Something for Nothing?
The concept of reciprocity is so embedded in our understanding of the purpose of deals that consideration in a contract almost seems redundant. Why would someone sign a contract if they weren’t getting anything out of it? The answer is that they probably don’t know the agreement isn’t valid, and whoever drew up the illegal document was either equally clueless (it happens—sigh), or sleazily banking on the other side’s ignorance (it definitely happens—grrr!). Still, you may be thinking that it’s unlikely a person could be duped into signing a contract that didn’t offer them something of value—even if they didn’t know it was illegal, wouldn’t they just be like f*%k that?
Not necessarily. Here is a classic example related to “non-compete” agreements, which restrict employees from working for a company’s competitors soon after leaving their current position. If language around non-competition is included in a hiring contract (what you sign when you join the team), it’s all on the up and up. You are offering not to compete for a period of time after leaving the company, and the company is offering you a hiring package (compensation, benefits, etc). Both are of value, and can be understood in or translated into monetary terms. Consideration achieved.

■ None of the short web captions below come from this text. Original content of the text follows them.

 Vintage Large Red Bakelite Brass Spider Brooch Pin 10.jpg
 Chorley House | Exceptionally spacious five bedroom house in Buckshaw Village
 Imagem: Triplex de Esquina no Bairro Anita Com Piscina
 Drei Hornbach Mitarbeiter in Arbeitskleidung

But sometimes companies will ask employees they have already hired to sign non-compete agreements that stand alone (that aren’t connected to hiring contracts and thus to compensation packages). Unless the company is offering additional money or some other kind of material benefit in the context of this new request, this amounts to an attempt to extract a one-sided promise from an employee. How inconsiderate! It’s not an exchange, so it’s not a contract. But most people think they have to do or sign whatever their employer asks, so this kind of shady business is rarely challenged.

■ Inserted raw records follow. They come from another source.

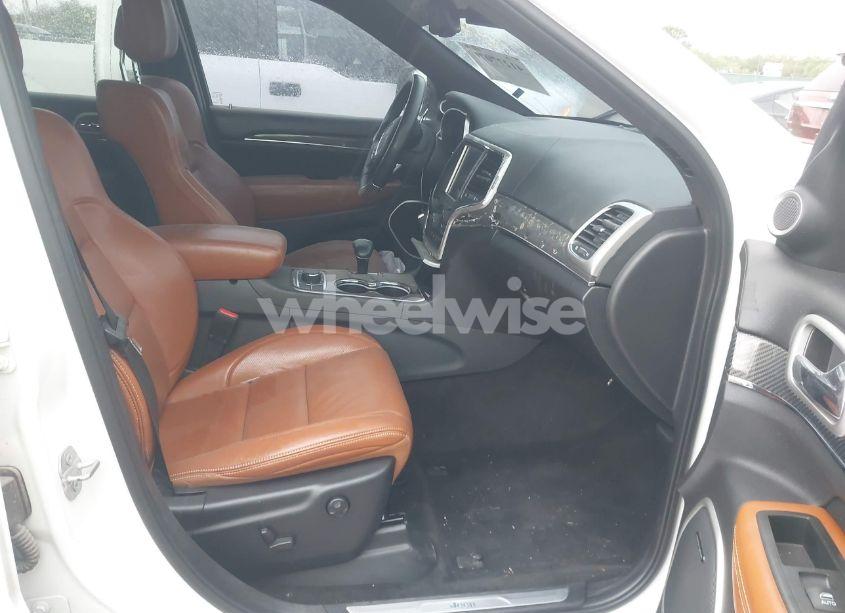 Photo 5 of 2015 Jeep Grand CHEROKEE SRT (VIN 1C4RJFDJ8FC951631)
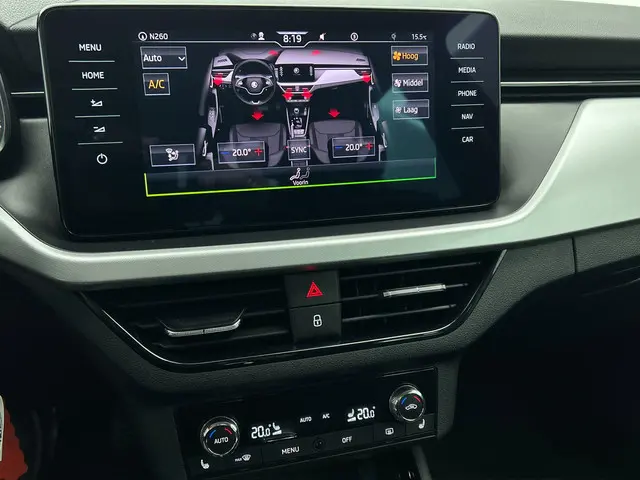 Škoda Kamiq 1.0 TSI 110PK DSG Style 2021 Benzine 29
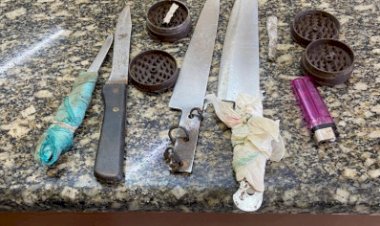 PM apreende adolescente e detém homem com entorpecente e armas brancas em Cerejeiras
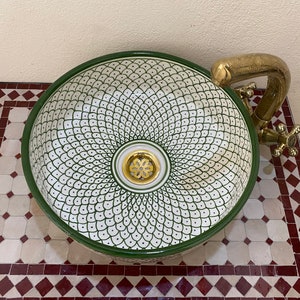 Exquisites handgefertigtes marokkanisches Keramikwaschbecken: Authentische Kunst für Ihr Badezimmerdekor Bild 3
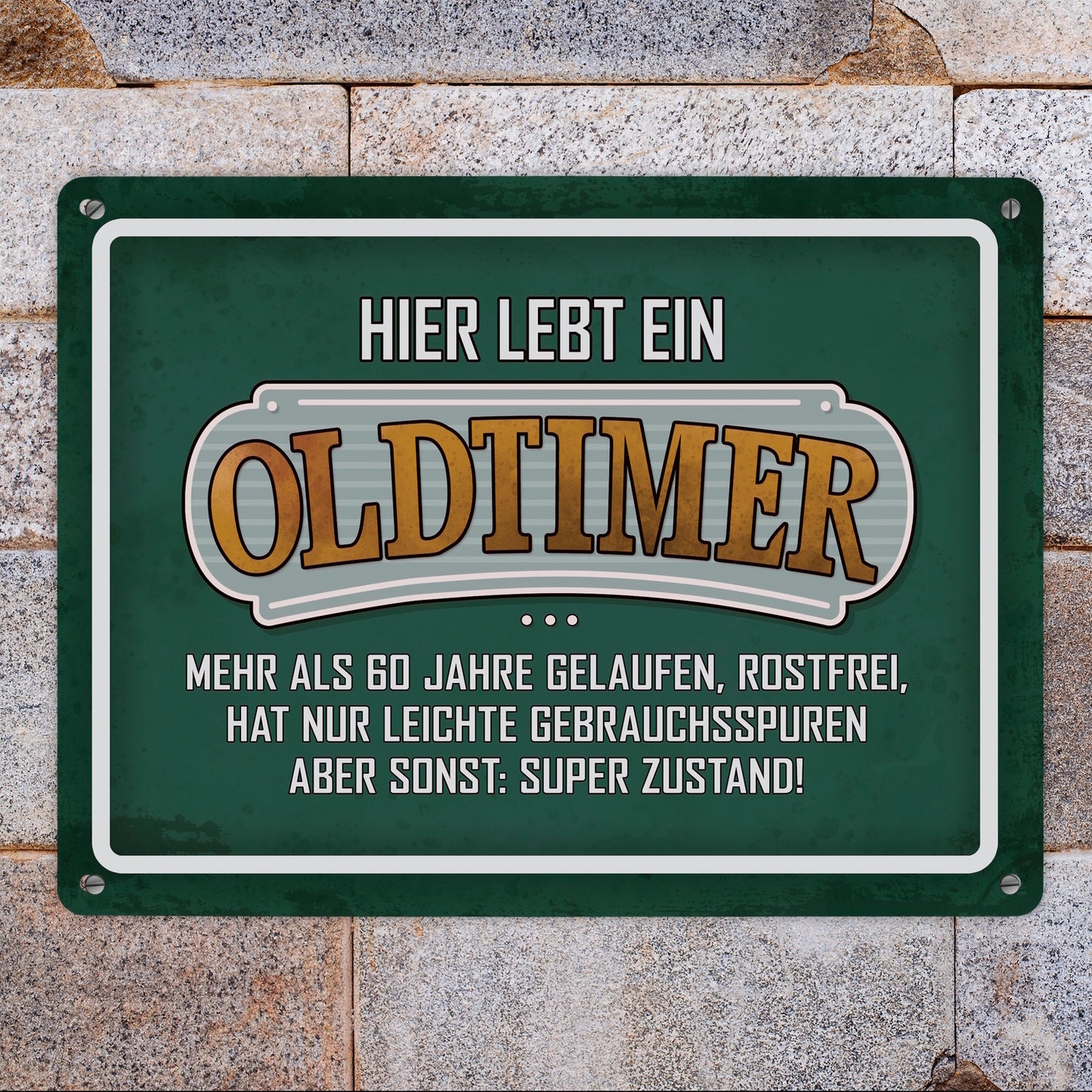 Metallschild XL mit Retro- Stil Motiv und Spruch: Hier wohnt ein Oldtimer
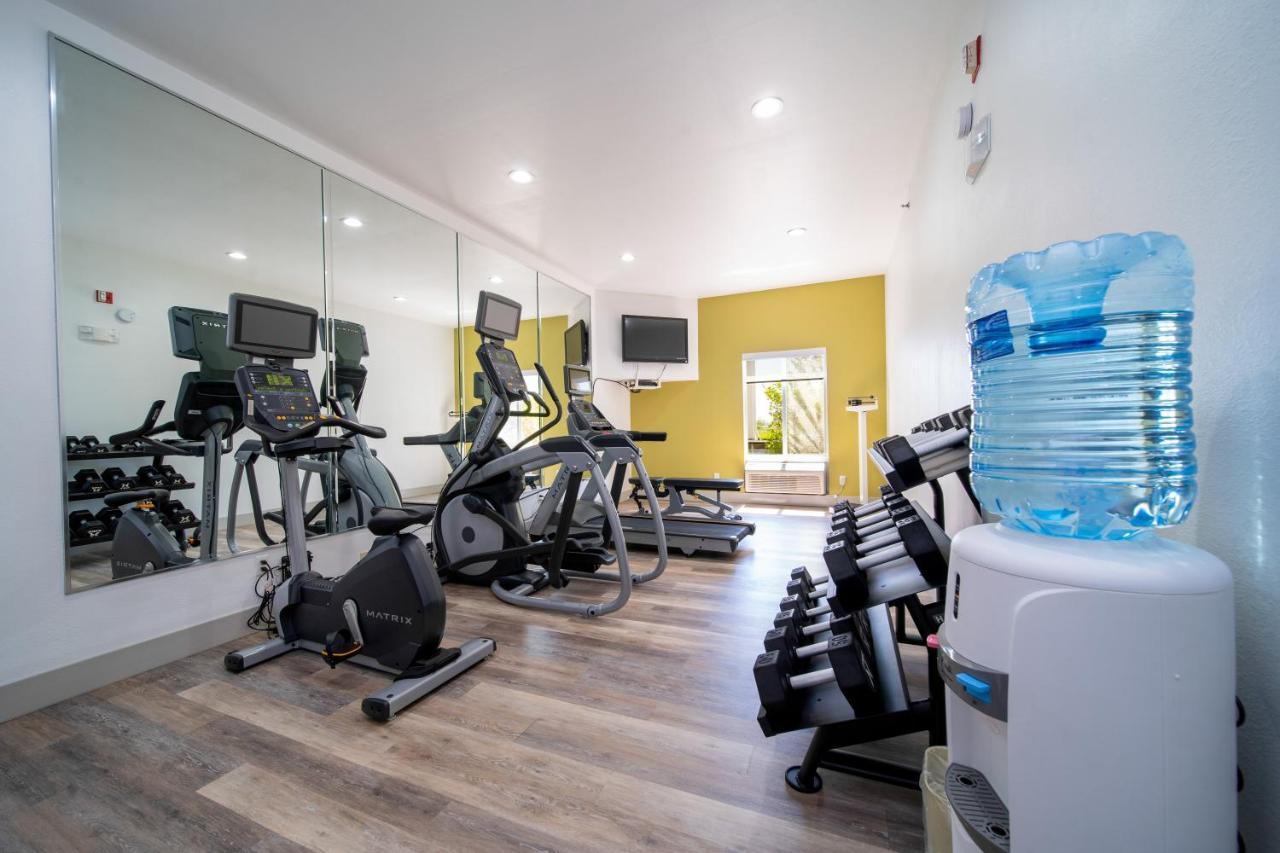 Holiday Inn Express Hotel & Suites Bedford By Ihg מראה חיצוני תמונה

Better Deals Through Consideration
Since contracts are really just relationships, it’s no surprise that the element of reciprocity is considered fundamental to what makes a deal a deal. But, just like we need to beware of relationships where one person is taking and the other is giving, so too do we have to be on the lookout for one-sided deals in which little or nothing is truly being exchanged. Really, when it comes to creating quality deals (and relationships), it doesn’t take much: just a little consideration.